> _Task to complete_:
Counting every line in the entries below where the word "Inch" occurs, report how many there are. Give only that number.

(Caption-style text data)
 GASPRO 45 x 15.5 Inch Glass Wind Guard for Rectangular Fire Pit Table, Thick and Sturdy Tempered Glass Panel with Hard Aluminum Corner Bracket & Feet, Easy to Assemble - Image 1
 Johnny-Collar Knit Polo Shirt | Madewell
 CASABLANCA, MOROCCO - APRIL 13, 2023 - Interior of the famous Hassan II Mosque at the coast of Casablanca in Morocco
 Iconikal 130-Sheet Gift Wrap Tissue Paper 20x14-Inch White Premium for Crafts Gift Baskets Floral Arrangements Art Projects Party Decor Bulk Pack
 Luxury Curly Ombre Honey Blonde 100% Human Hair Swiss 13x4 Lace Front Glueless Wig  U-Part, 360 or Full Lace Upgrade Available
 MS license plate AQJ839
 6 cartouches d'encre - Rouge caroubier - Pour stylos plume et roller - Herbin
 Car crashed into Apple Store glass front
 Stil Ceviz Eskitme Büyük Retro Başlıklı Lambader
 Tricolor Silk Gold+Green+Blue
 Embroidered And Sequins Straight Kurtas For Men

> _Task solution_:
2